Here we will be wrapping our model in the PTCFxModule which will be responsible for the calibration of the models and conversion to the final quantized network. It also enables bias calibration of the layers having a bias value, we can set a bias calibration factor (generally 0.01 works well) to enable it. Further, num_batch_norm_update_epochs and num_observer_update_epochs are used to define the epochs for which batch norm params and the observer are updated respectively. Each epoch is updated when a call to model.train() is done. Calibration is suggested to be performed in the training mode to utilise full functionality. Here, we do calibration for 3 epochs, and it can be done for very small examples from the distribution (generally 100 is good enough).   

In [4]:
model = edgeai_torchmodelopt.xmodelopt.quantization.v2.PTCFxModule(model, backend='qnnpack', bias_calibration_factor=0.01, num_batch_norm_update_epochs=1, num_observer_update_epochs=2)



Here is the Calibration Step for the network, where random data is used currently just for an example. **The data should be changed to your own dataset.**

In [5]:
num_calib_images = 10
num_epochs = 3
for epoch in range(num_epochs):
    model.train()
    for i in tqdm(range(num_calib_images)):
        output = model(torch.rand(1,3,224,224))
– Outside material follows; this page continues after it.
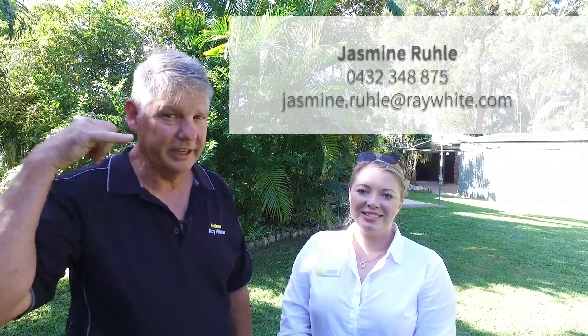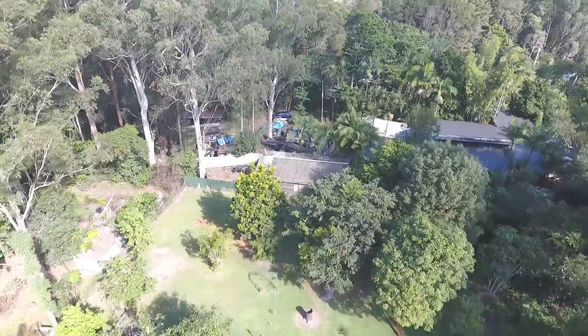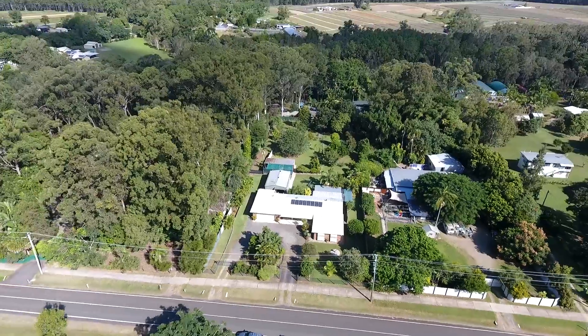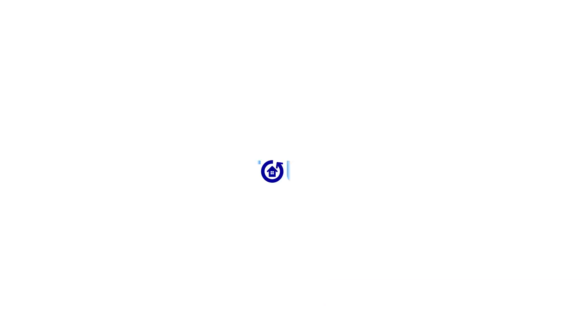We hope you enjoyed the walkthrough video of this fantastic property. We're really excited about putting it to market. We think you guys are going to love it and it's not going to last long. Get in touch with Andrew or myself and we'll happily show you through. Get on the phone — we'll see you soon.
100%|██████████| 10/10 [00:01<00:00,  9.73it/s]


Freezing BN for subsequent epochs


100%|██████████| 10/10 [00:00<00:00, 10.24it/s]


Freezing ranges for subsequent epochs


100%|██████████| 10/10 [00:00<00:00, 12.09it/s]


We have the quantized and calibrated 8-bit network now.

In [6]:
print(model)

PTCFxModule(
  (module): GraphModule(
    (activation_post_process_0): AdaptiveActivationFakeQuantize(
      fake_quant_enabled=tensor([1], dtype=torch.uint8), observer_enabled=tensor([0], dtype=torch.uint8), quant_min=0, quant_max=255, dtype=torch.quint8, qscheme=torch.per_tensor_affine, ch_axis=-1, scale=tensor([0.0039]), zero_point=tensor([0], dtype=torch.int32)
      (activation_post_process): CustomAdaptiveActivationObserverqscheme_torch_per_tensor_affine__range_shrink_percentile_0(min_val=1.8891554418587475e-06, max_val=0.9999961853027344)
    )
    (conv1): ConvReLU2d(
      (0): Conv2d(3, 64, kernel_size=(7, 7), stride=(2, 2), padding=(3, 3))
      (1): ReLU(inplace=True)
    )
    (activation_post_process_1): AdaptiveActivationFakeQuantize(
      fake_quant_enabled=tensor([1], dtype=torch.uint8), observer_enabled=tensor([0], dtype=torch.uint8), quant_min=0, quant_max=255, dtype=torch.quint8, qscheme=torch.per_tensor_affine, ch_axis=-1, scale=tensor([0.0843]), zero_point=tensor

In [7]:
model_export_name = "./converted_simple_network_ptc.onnx"
model.export(example_input, model_export_name)
netron.start(model_export_name, 8080)


Stopping http://localhost:8080
Serving './converted_simple_network_ptq.onnx' at http://localhost:8080


('localhost', 8080)

The netron might show the quantized fused operators as separate because the fake-quantized (Q-DQ) models are exported.